Wird ein Polizist bei einem Einsatz verletzt und erkrankt später psychisch, kann der Täter dafür haftbar gemacht werden. Das gilt trotz des berufsspezifischen Risikos von Einsatzkräften, wie der Bundesgerichtshof (BGH) in Karlsruhe laut Mitteilung vom Donnerstag entschied. Das Land Niedersachsen will Schadenersatz, weil der Beamte inzwischen dienstunfähig ist. (Az. VI ZR 19/20)

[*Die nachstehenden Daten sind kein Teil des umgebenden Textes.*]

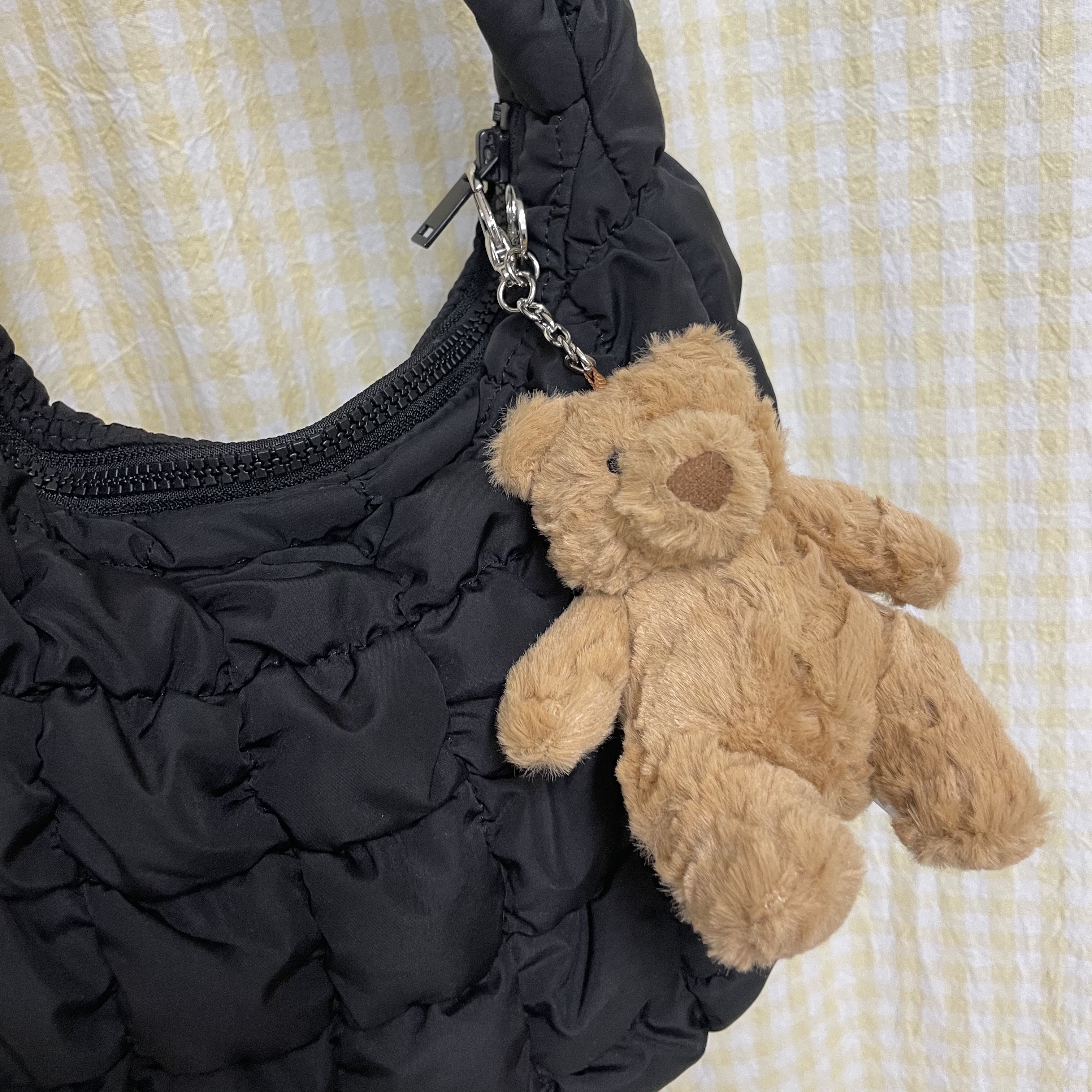 Jellycat Bartholomew Bear Bag Charm Brown 착용 스타일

Im November 2015 wurde die Polizei in eine Cocktailbar gerufen, wo der damals 18 Jahre alte Beklagte sich mit anderen Gästen prügelte. Er weigerte sich zu gehen, woraufhin die Polizisten ihn in Gewahrsam nehmen wollten. Dagegen wehrte er sich und verletzte einen Beamten am Daumen. Dieser leidet nach Angaben des Landes deswegen an einer posttraumatischen Belastungsstörung und ist dienstunfähig.
Das Land verklagte den jungen Mann darum auf Schadenersatz von etwa 105.000 Euro für die Behandlungskosten und den Verdienstausfall des Polizisten. Das Landgericht Stade gab der Klage statt, das Oberlandesgericht (OLG) Celle wies sie in der Berufung aber überwiegend ab. Diese Abweisung hob der BGH nun auf.

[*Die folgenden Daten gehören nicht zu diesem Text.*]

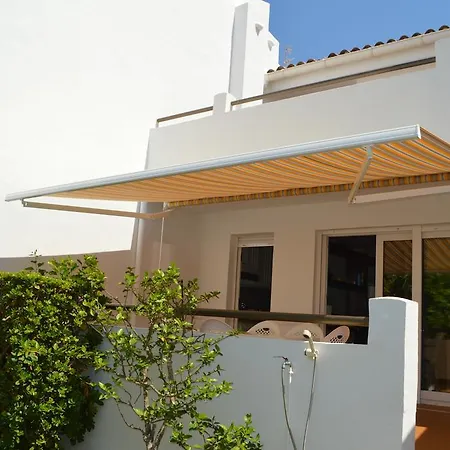 Reihenhaus Am Mit Pool, Primera Linea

Er wies die Bewertung des Berufungsgerichts zurück, dass sich in der Erkrankung des Polizisten "lediglich ein spezifisches Berufsrisiko verwirklicht" habe. Psychische Schäden könnten ebenso wie physische Verletzungen die Folgen eines Einsatzes sein, argumentierten die Karlsruher Richter.

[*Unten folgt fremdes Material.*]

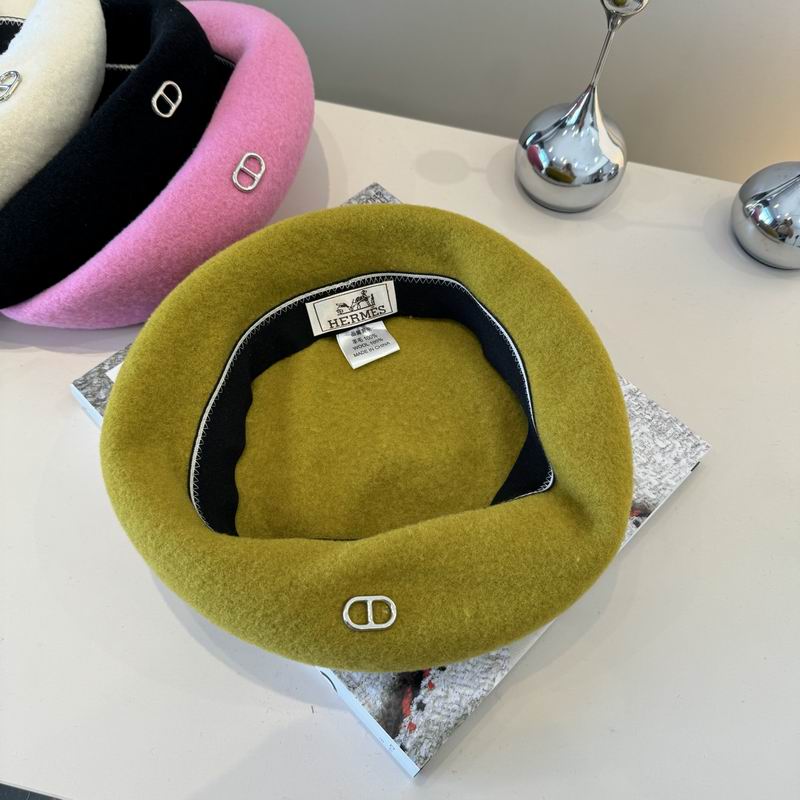 Dior beret (293)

"Auch wenn es zur Ausbildung und zum Beruf von Polizeibeamten gehört, sich auf derartige Belastungssituationen vorzubereiten, mit ihnen umzugehen, sie zu bewältigen und zu verarbeiten", heiße das nicht, dass ihnen bei einer psychischen Erkrankung der Schutz des Deliktrechts versagt bliebe. Die Sache muss nun vom OLG Celle neu verhandelt werden.